# help create a chapter!!! nid hunters



## fatmantis (Jun 26, 2009)

so with the 6th ed here i fell it time to finally try to create my own chapter (sort of) i want to call them the Mantis Core there is already a mantis legions (bullocks) but my reason behind this is i want these guys to be the oppostire of my mantis nids, they excell at hunting the nids therefore they have adopted their colour scheme blitzkrieg tactics and markings as nid killers.

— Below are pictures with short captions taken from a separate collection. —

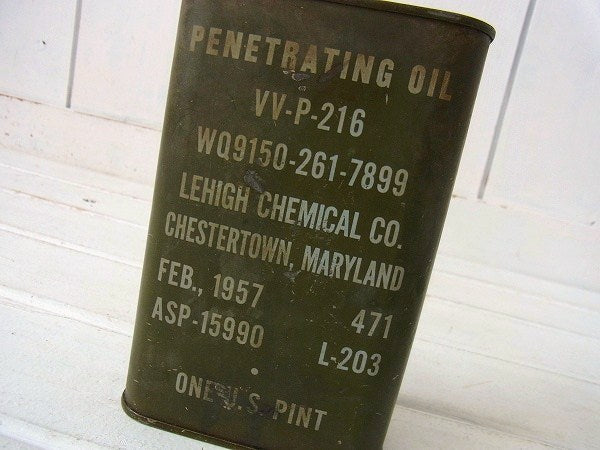 1957年・ミリタリー・ノズル付き・ヴィンテージ・オイル缶/US ARMY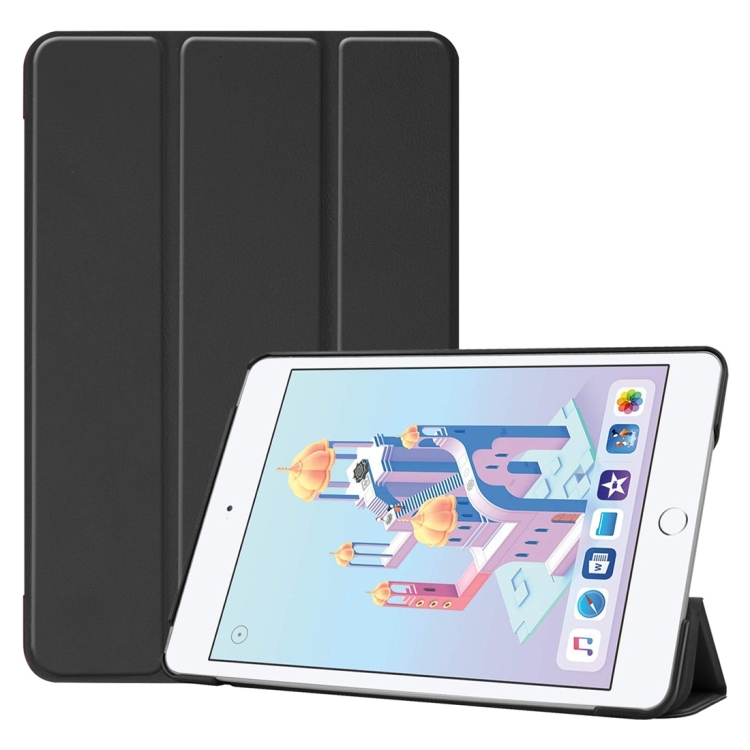 

Custer Texture Horizontal Flip Smart PU Leather Case for iPad Mini 4 / Mini 5, with Sleep / Wake-up Function & Three-folding Holder (Black)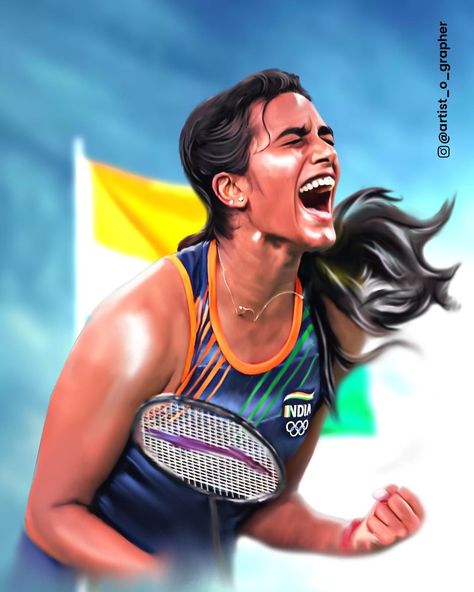 #Girlpower .. Bronze medal in Olympics 🇮🇳🇮🇳🇮🇳 congratulations dhakkad Sindhu for your 2nd Olympic medal . . In canvas @pvsindhu1 #tokyo #olympics #karate #kumite #japan #roadtotokyo #wkf #karatedo #sport #worldkaratefederation #olympic #pvsindhu #badminton #india Karate Kumite, P V Sindhu, Pv Sindhu, India Painting, Olympic Medals, Tokyo Olympics, Woman Painting, Badminton, Karate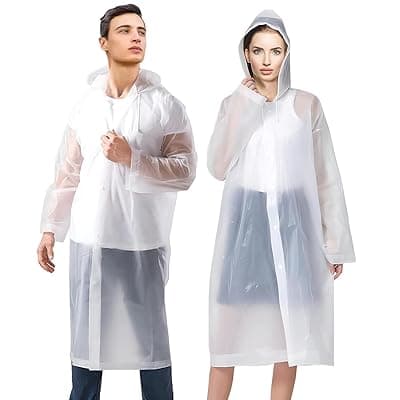 Pivalo EVA Waterproof Rain Coat Hooded Universal Outdoor Water Resistant Portable Suit for Men Women Boys & Girls (Universal Size, 1 Pc White)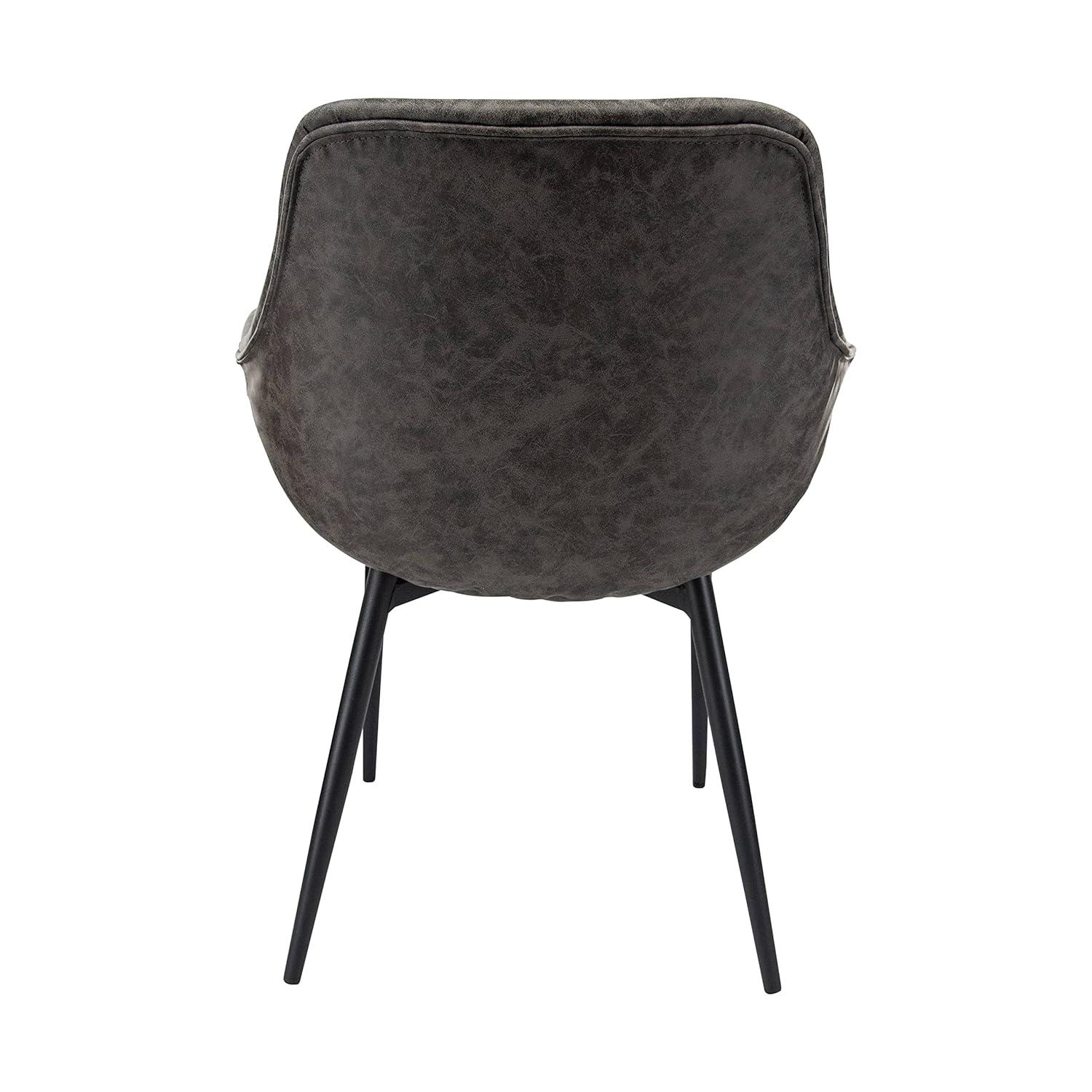 LeisureMod Markley Leather Dining Chair with Black Metal Legs Upholstered Seat Modern Design Perfect for Kitchen Dining Room Office or Lounge Seating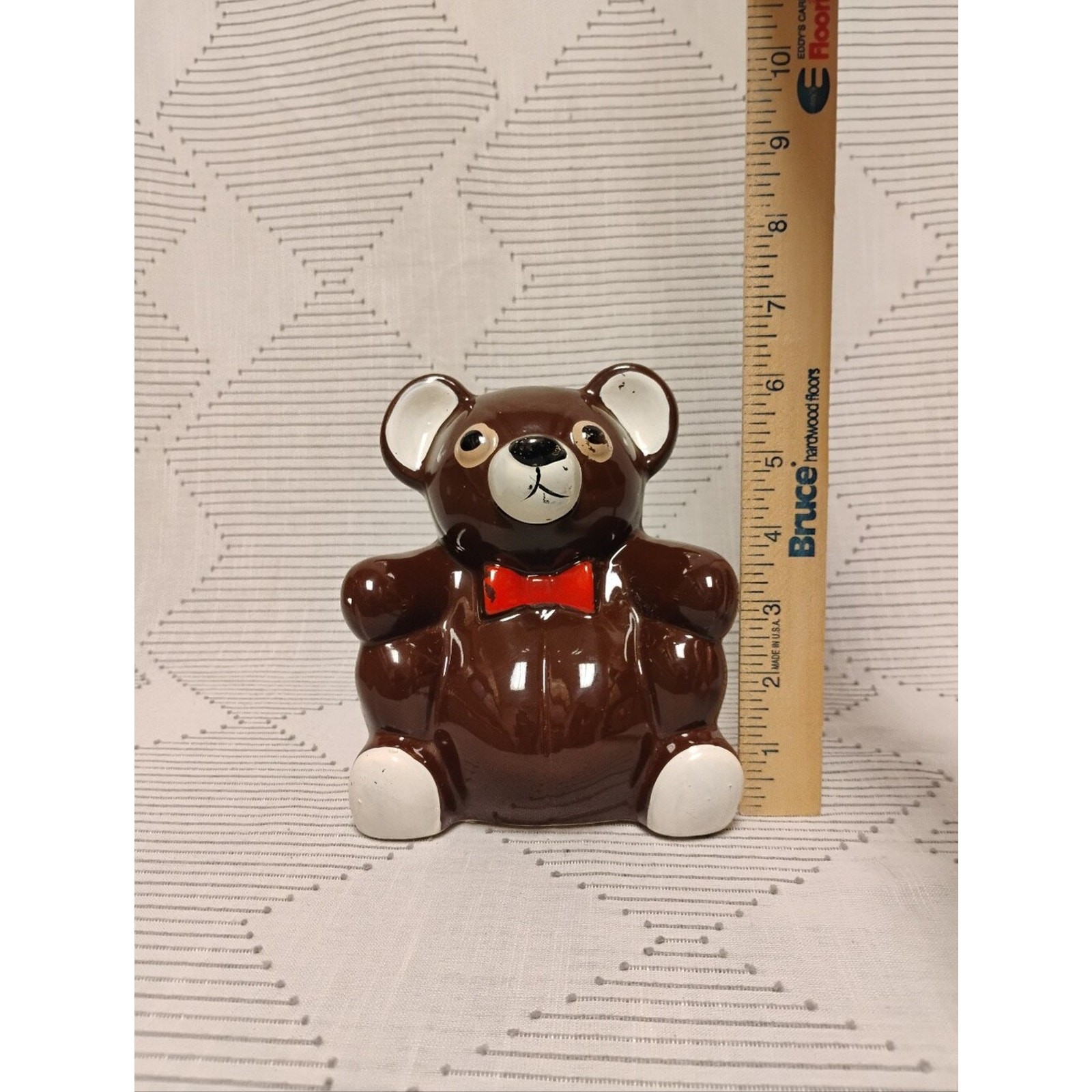 Vintage Brown Teddy Bear Ceramic Bank with Red Bow Made In Japan 70s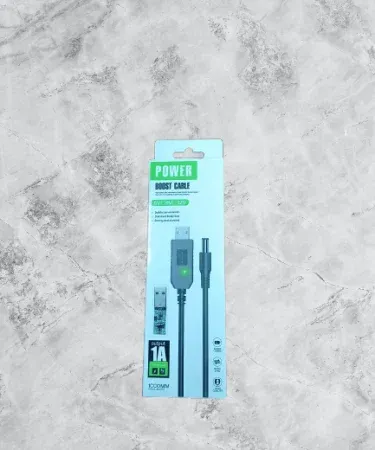 power boost 5v to 9v 12v converter step-up cable for wifi modem router with usb input and dc output, 1 meter long, black durable cable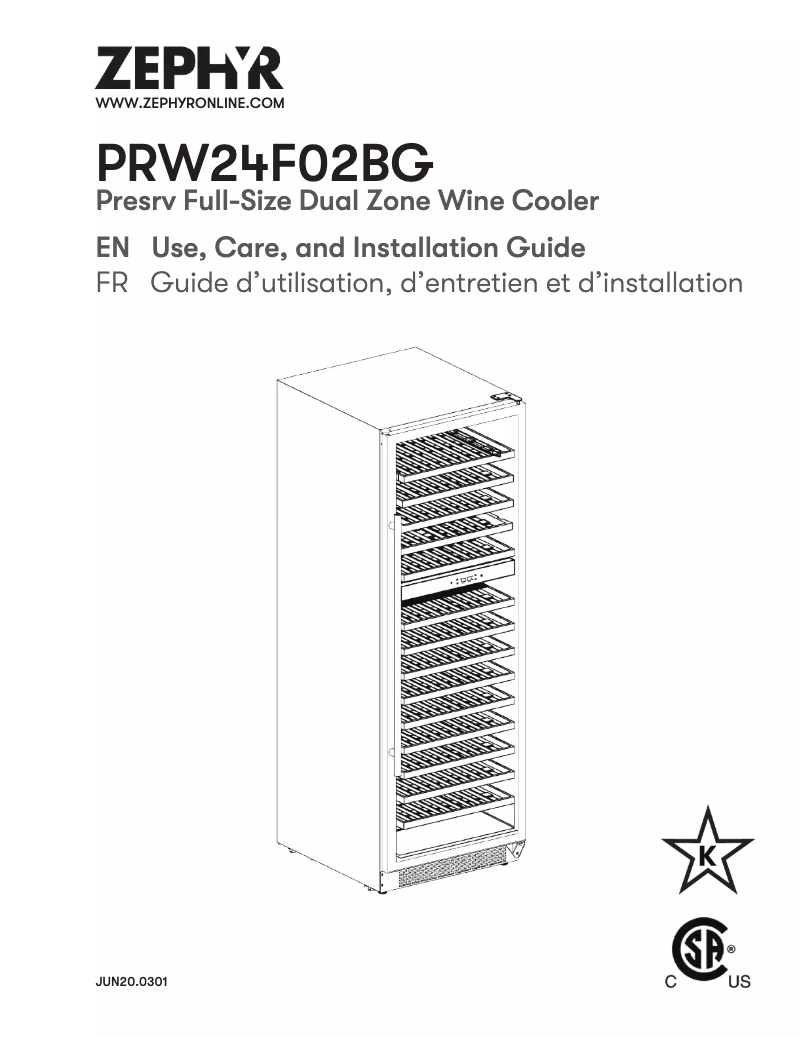 Page 1 de la notice Guide d'installation Zephyr PRW24F02BG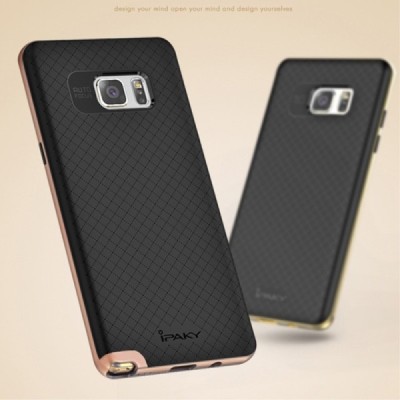 Samsung Galaxy Note 7 (N930) „IPAKY“ cieta silikona (TPU) melns apvalks (apmales - rozā krāsā) / Vacins.lv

so what codex do you think would fit this army theme, bear in mind i already have a ultramarine armie, so id rather not use vannila, but here's my thoughts
1: vannila using vulkin 
2: blood angles
3: maybe space wolves

im leaning towards blood angels for the jump packs
any way what your thoughts...


----------



## Gobbo (Jun 4, 2008)

Well blood angels would be good for the numbers of flamers they can take, but call me crazy i'd much rather shoot a Nid from a long way away than try to beat it to death with my good for nothing chainsword? I'd take wolves, go crazy with heavy weapons and dual flamer squads.


----------



## fatmantis (Jun 26, 2009)

true, but i want them to appreciate the hunter killer attitude, so maybe the wolves might be the better dex , seeing how praying mantis's are cannibalistic,


----------



## HOGGLORD (Jan 25, 2012)

Though Wolves are generally better at the killing of the larger things (sagas and an abundance of storm shields), blood angels can field sternguard, in my view, sterguard are the best of the best when it comes to 'nid hunting.


----------